Exercise aim:
Every entry must be set down exactly in the answer; no pictures should appear.

Short text fragments from websites
==============================
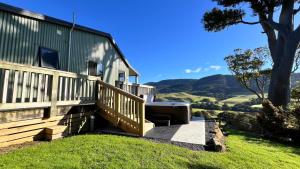 a house with a wooden staircase leading up to a house at Mohua Park - Catlins Eco Accommodation in Owaka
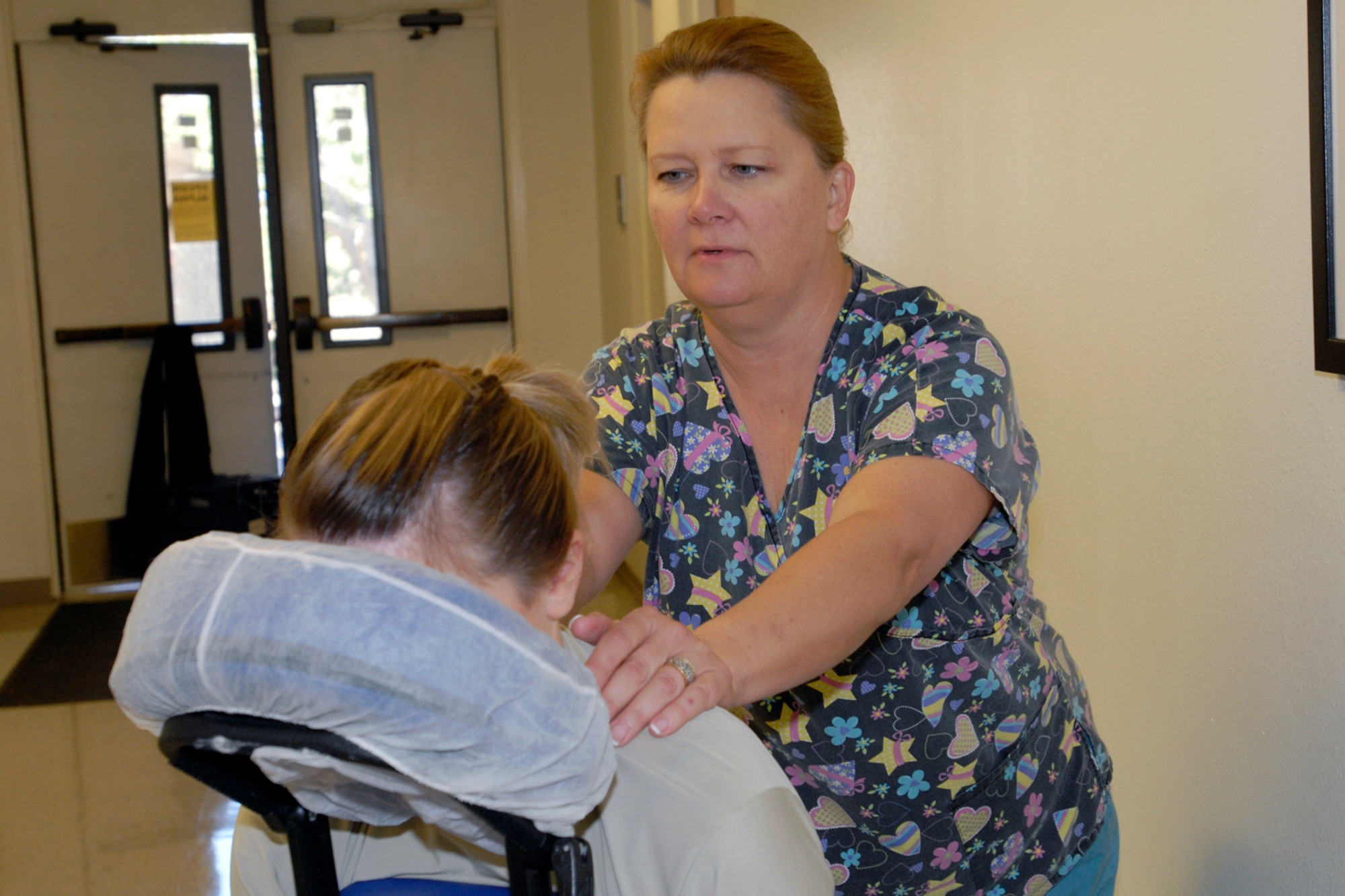 GOODFELLOW AIR FORCE BASE, TEXAS -- Carla Odum provides a massage demonstration to Airman 1st Class Allison Barney, 17th Medical Group, during the Retiree Health Fair Nov. 19. Mrs. Odum, representing Angelo Back and Rehab, participated in the health fair to inform military retirees of one of the services available in the local community. (U.S. Air Force Photo/Lou Czarnecki)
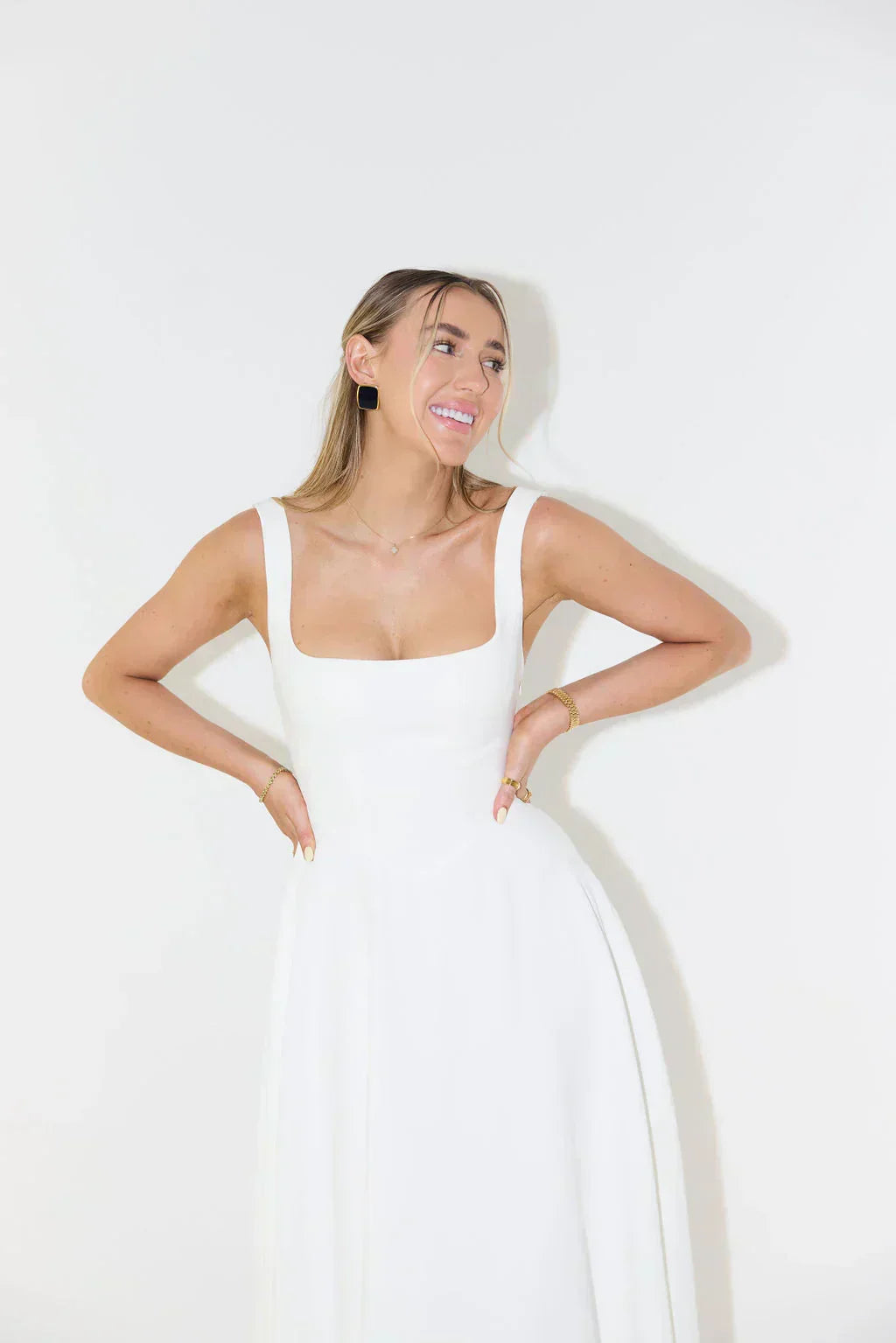Chic fashion women's midi dress with a flattering square neckline, ideal for elegant styling.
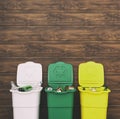 Three full dustbins for sorting trash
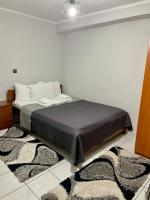 Posteľ alebo postele v izbe v ubytovaní Guesthouse Tsoka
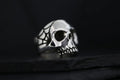 A silver skull ring with spider web details on a dark background.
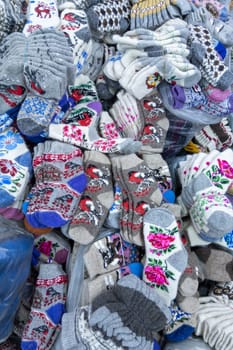 Many warm winter socks at asian Dordoi Bazaar under roof in Bishkek, Kyrgyzstan - October 10, 2022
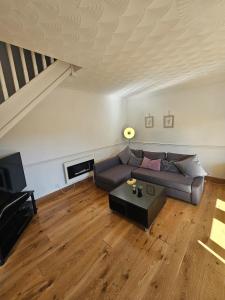 a living room with a couch and a table at Spacious Bournemouth Home with BBQ, Outdoor Seating & large TV in Bournemouth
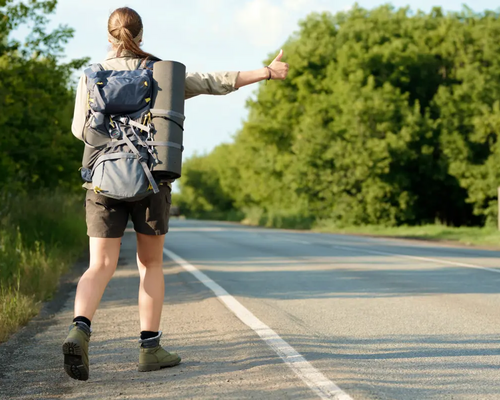 Dziewczyna z plecakiem i karimatą łapiąca stopa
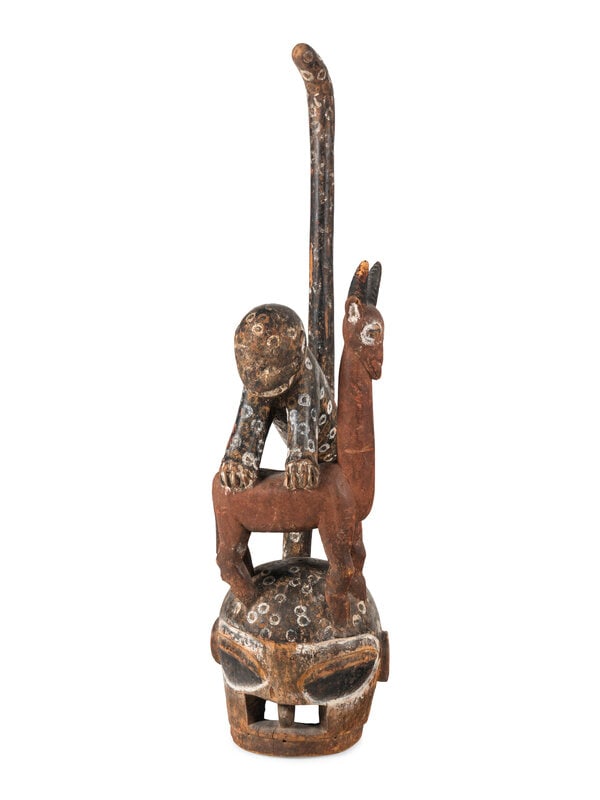 An African Carved and Painted Wood Monkey and Gazelle Figural Group : An African Carved and Painted Wood Monkey and Gazelle Figural Group 20th Century Height 57 inches. This lot is located in Chicago. Condition Has separate base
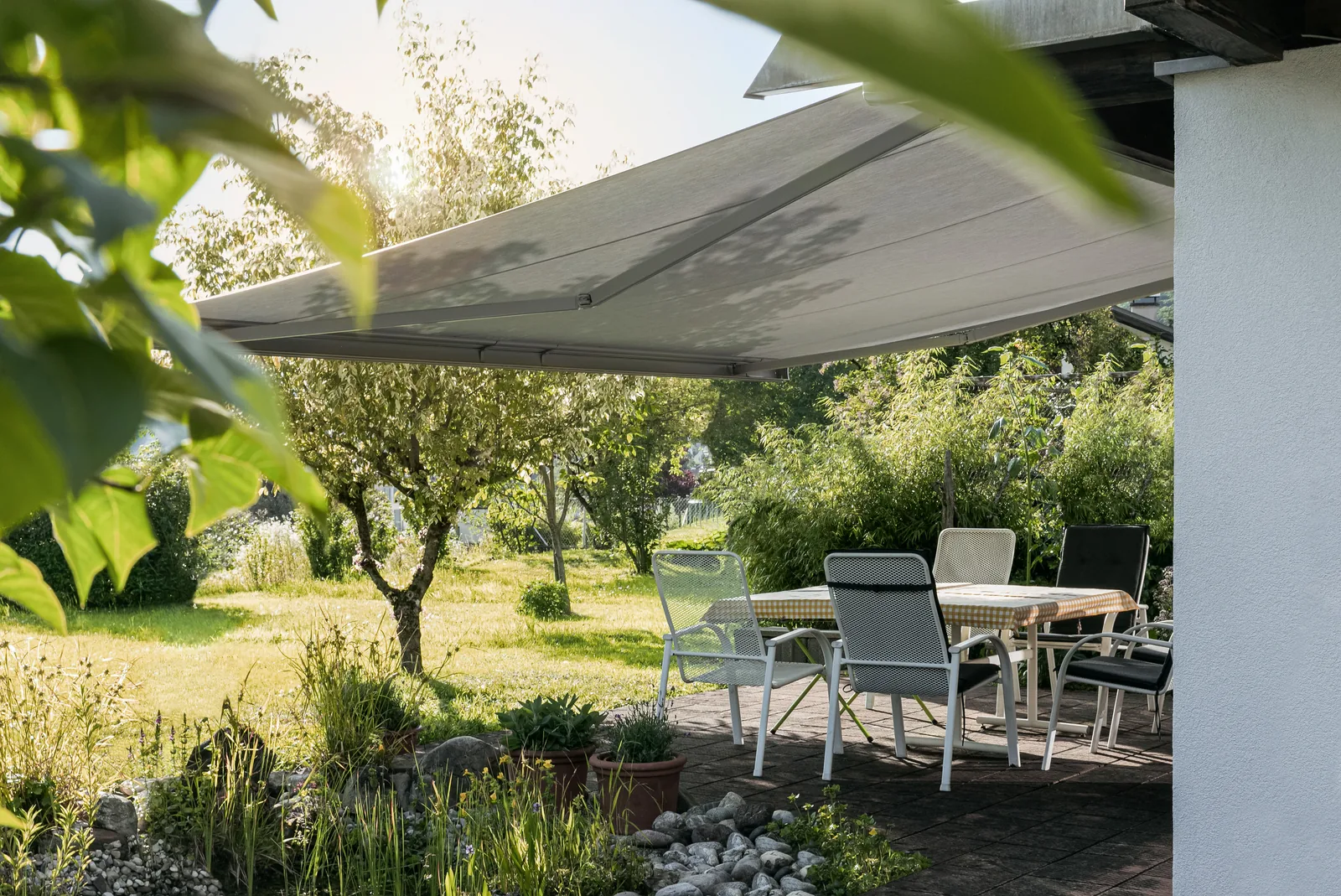 Ausgefahrene Gelenkarmmarkise über einer Gartenterrasse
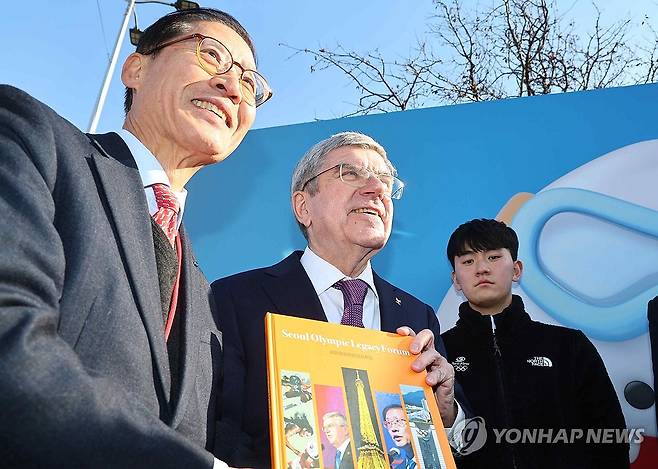 서울올림픽 책자 받은 바흐 위원장 (서울=연합뉴스) 서대연 기자 = 토마스 바흐 국제올림픽위원회(IOC) 위원장이 16일 오후 서울 송파구 올림픽공원 SK올림픽핸드볼경기장에서 열린 2024 대한민국 체육인대회에서 행사 시작에 앞서 조현재 서울올림픽기념국민체육진흥공단 이사장으로부터 서울올림픽레거시포럼 책자를 받고 기념사진을 찍고 있다. 2024.1.16 dwise@yna.co.kr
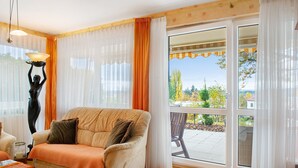 Ein Wohnzimmer mit einer Couch, einem Glastisch und einer Statue.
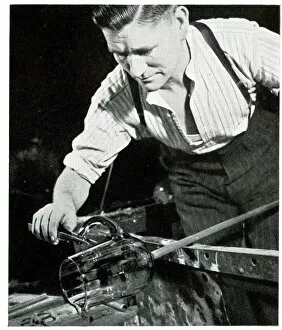 Glassware Collection: Glass blower fixing a handle on a jug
==============================
Answer to this problem:
 a house with a wooden staircase leading up to a house at Mohua Park - Catlins Eco Accommodation in Owaka
 GOODFELLOW AIR FORCE BASE, TEXAS -- Carla Odum provides a massage demonstration to Airman 1st Class Allison Barney, 17th Medical Group, during the Retiree Health Fair Nov. 19. Mrs. Odum, representing Angelo Back and Rehab, participated in the health fair to inform military retirees of one of the services available in the local community. (U.S. Air Force Photo/Lou Czarnecki)
Chic fashion women's midi dress with a flattering square neckline, ideal for elegant styling.
 Three full dustbins for sorting trash
 Posteľ alebo postele v izbe v ubytovaní Guesthouse Tsoka
 A silver skull ring with spider web details on a dark background.
 Many warm winter socks at asian Dordoi Bazaar under roof in Bishkek, Kyrgyzstan - October 10, 2022
 a living room with a couch and a table at Spacious Bournemouth Home with BBQ, Outdoor Seating & large TV in Bournemouth
 Dziewczyna z plecakiem i karimatą łapiąca stopa
 An African Carved and Painted Wood Monkey and Gazelle Figural Group : An African Carved and Painted Wood Monkey and Gazelle Figural Group 20th Century Height 57 inches. This lot is located in Chicago. Condition Has separate base
 Ausgefahrene Gelenkarmmarkise über einer Gartenterrasse
 서울올림픽 책자 받은 바흐 위원장 (서울=연합뉴스) 서대연 기자 = 토마스 바흐 국제올림픽위원회(IOC) 위원장이 16일 오후 서울 송파구 올림픽공원 SK올림픽핸드볼경기장에서 열린 2024 대한민국 체육인대회에서 행사 시작에 앞서 조현재 서울올림픽기념국민체육진흥공단 이사장으로부터 서울올림픽레거시포럼 책자를 받고 기념사진을 찍고 있다. 2024.1.16 dwise@yna.co.kr
 Ein Wohnzimmer mit einer Couch, einem Glastisch und einer Statue.
 Glassware Collection: Glass blower fixing a handle on a jug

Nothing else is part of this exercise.